::: Data for this task :::
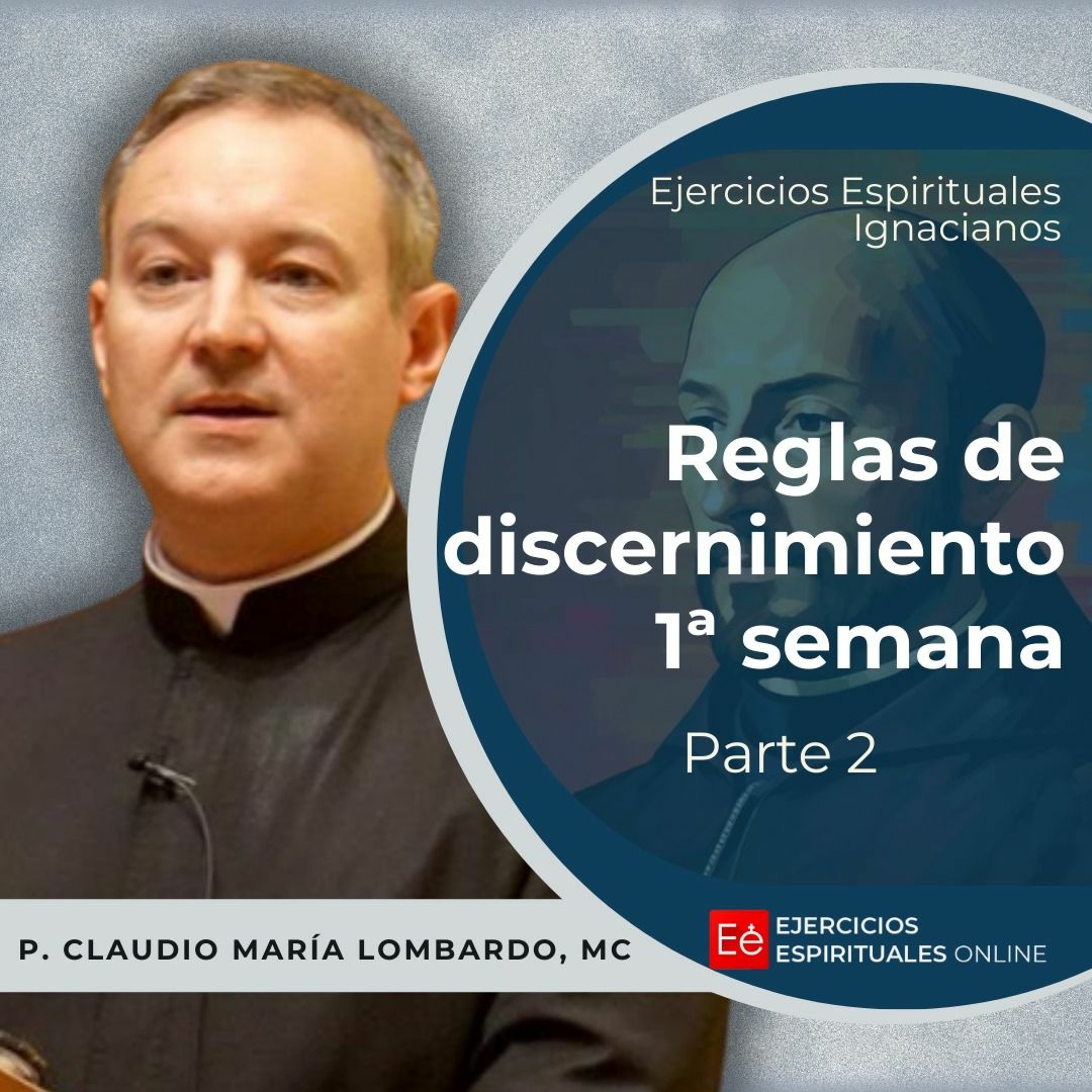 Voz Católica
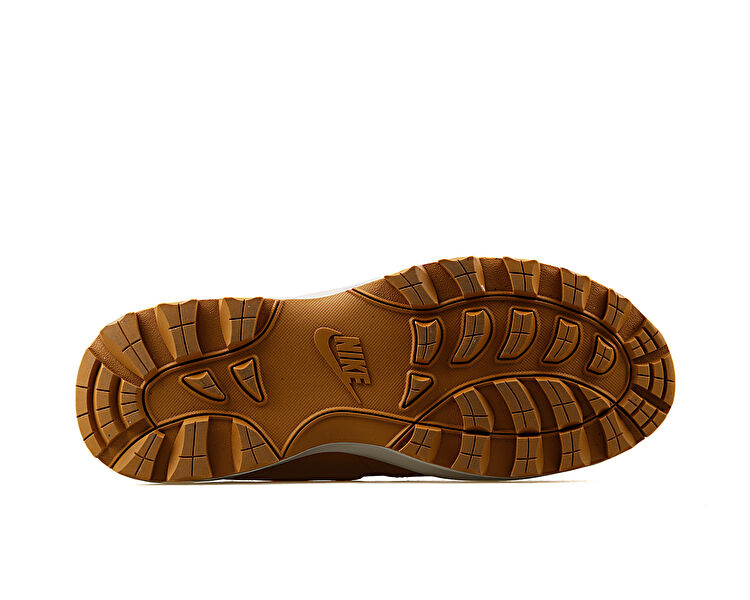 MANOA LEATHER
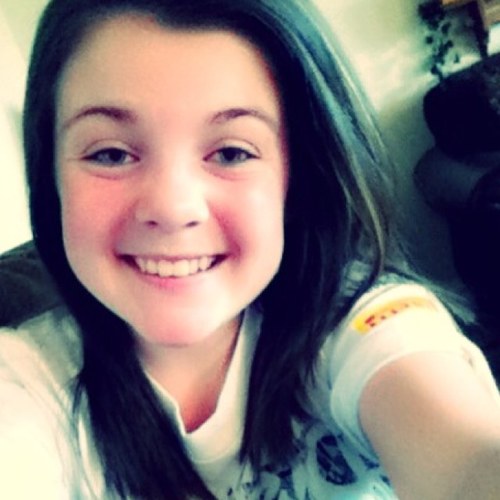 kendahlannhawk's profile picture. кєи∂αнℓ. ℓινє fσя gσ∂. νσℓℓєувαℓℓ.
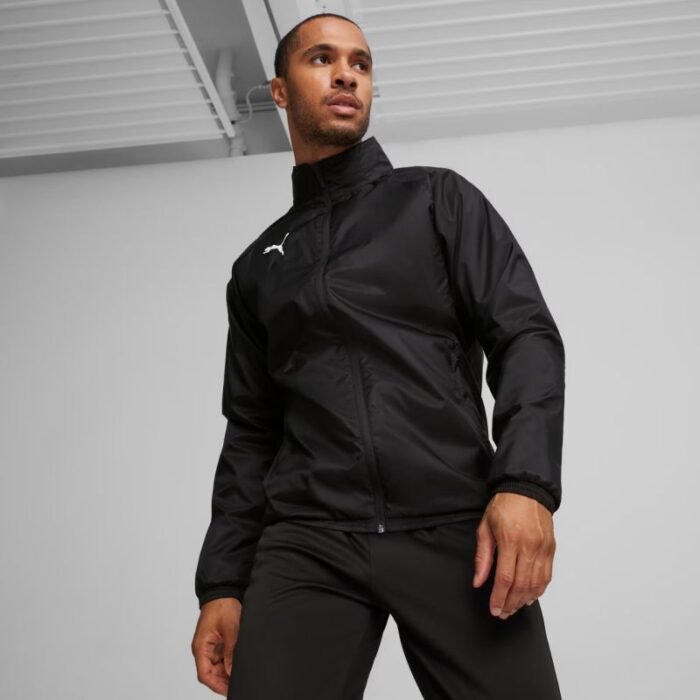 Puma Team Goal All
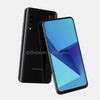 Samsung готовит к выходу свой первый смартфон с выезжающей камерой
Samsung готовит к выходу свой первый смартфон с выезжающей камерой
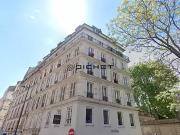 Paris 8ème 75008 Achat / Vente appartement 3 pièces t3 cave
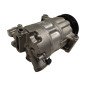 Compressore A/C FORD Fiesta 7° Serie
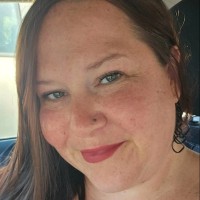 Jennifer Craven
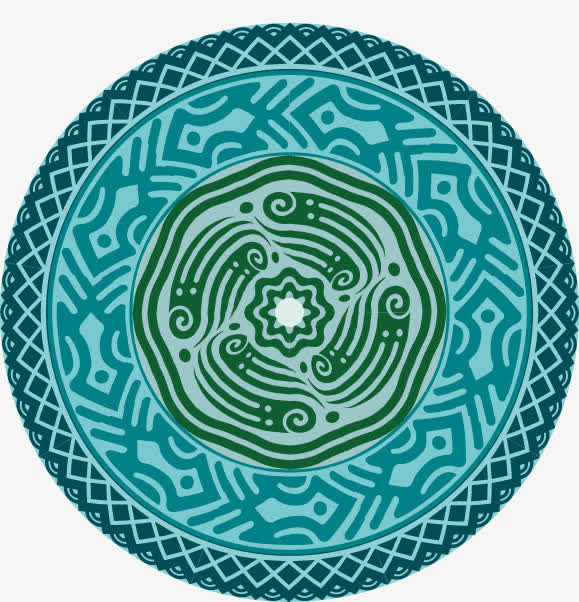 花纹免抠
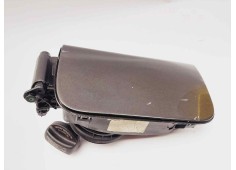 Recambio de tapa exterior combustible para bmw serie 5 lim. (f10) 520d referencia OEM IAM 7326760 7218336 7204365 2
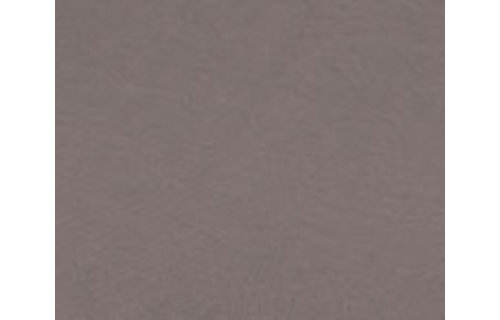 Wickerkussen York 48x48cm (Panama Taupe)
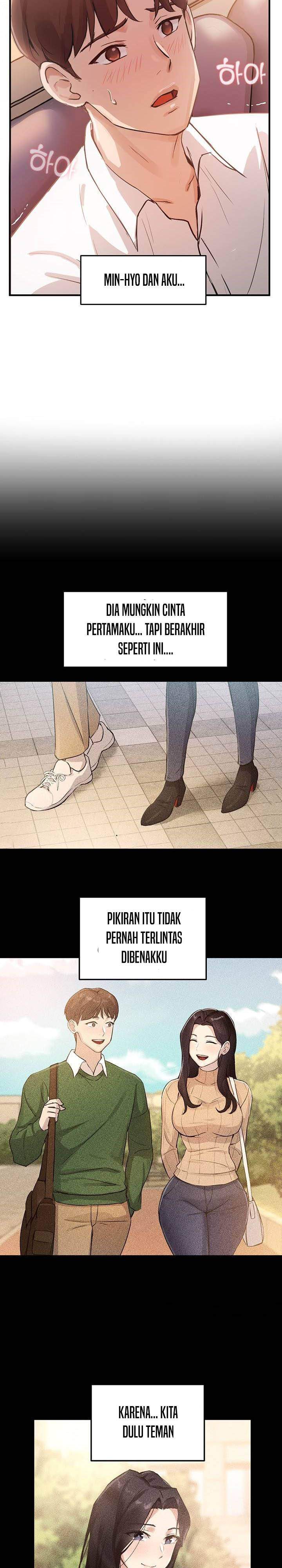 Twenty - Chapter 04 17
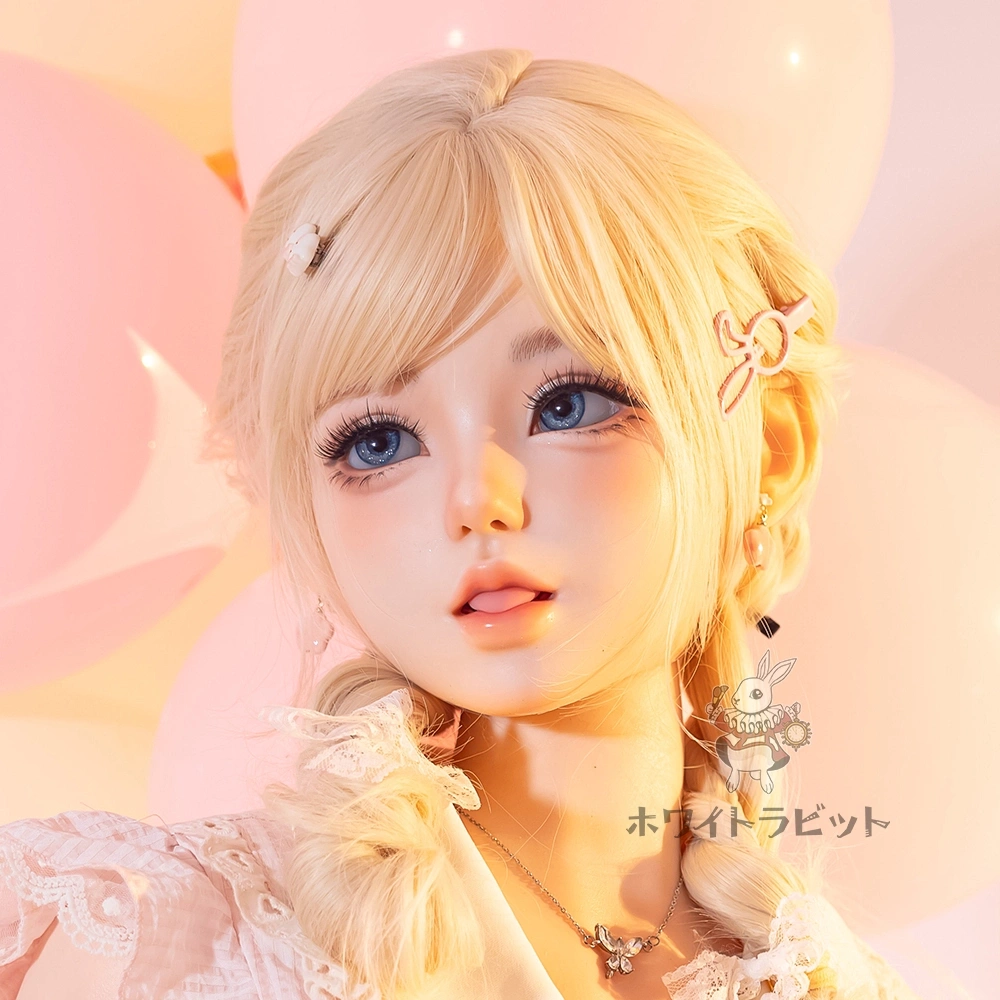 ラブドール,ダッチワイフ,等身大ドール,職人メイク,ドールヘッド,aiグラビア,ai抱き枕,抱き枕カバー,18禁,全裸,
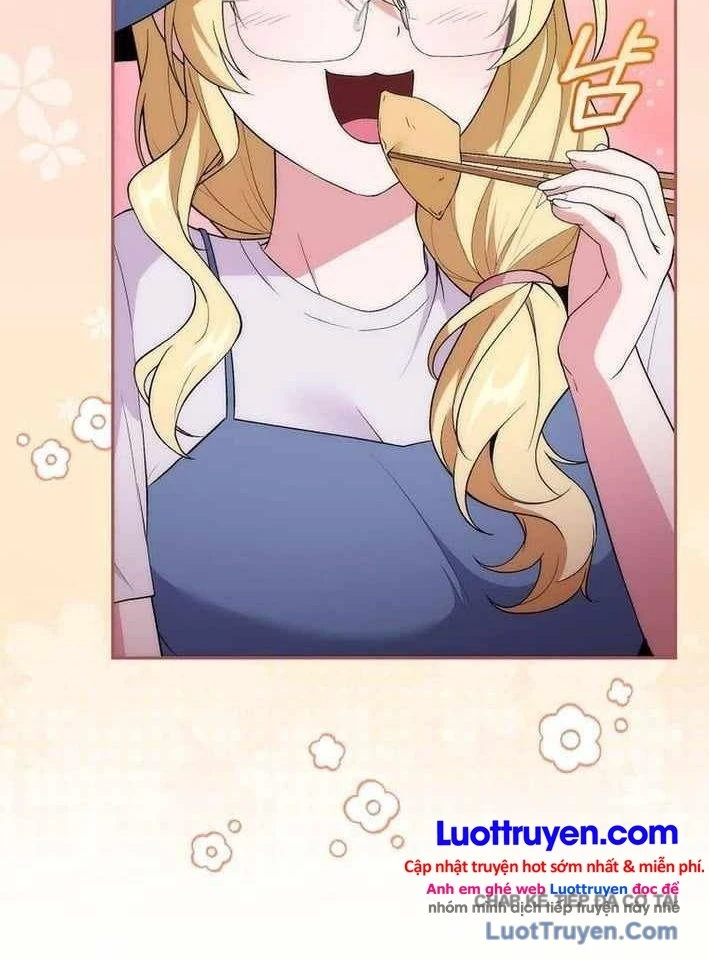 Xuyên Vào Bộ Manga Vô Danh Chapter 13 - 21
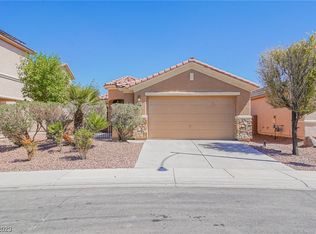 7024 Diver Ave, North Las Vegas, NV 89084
:::
=== Problem to solve ===
Each line from the one that holds "MANOA LEATHER" through the end of the entries must be returned exactly, while any pictures stay out.

=== Solution to the problem ===
 MANOA LEATHER
 kendahlannhawk's profile picture. кєи∂αнℓ. ℓινє fσя gσ∂. νσℓℓєувαℓℓ.
 Puma Team Goal All
 Samsung готовит к выходу свой первый смартфон с выезжающей камерой
Samsung готовит к выходу свой первый смартфон с выезжающей камерой
 Paris 8ème 75008 Achat / Vente appartement 3 pièces t3 cave
 Compressore A/C FORD Fiesta 7° Serie
 Jennifer Craven
 花纹免抠
 Recambio de tapa exterior combustible para bmw serie 5 lim. (f10) 520d referencia OEM IAM 7326760 7218336 7204365 2
 Wickerkussen York 48x48cm (Panama Taupe)
 Twenty - Chapter 04 17
 ラブドール,ダッチワイフ,等身大ドール,職人メイク,ドールヘッド,aiグラビア,ai抱き枕,抱き枕カバー,18禁,全裸,
 Xuyên Vào Bộ Manga Vô Danh Chapter 13 - 21
 7024 Diver Ave, North Las Vegas, NV 89084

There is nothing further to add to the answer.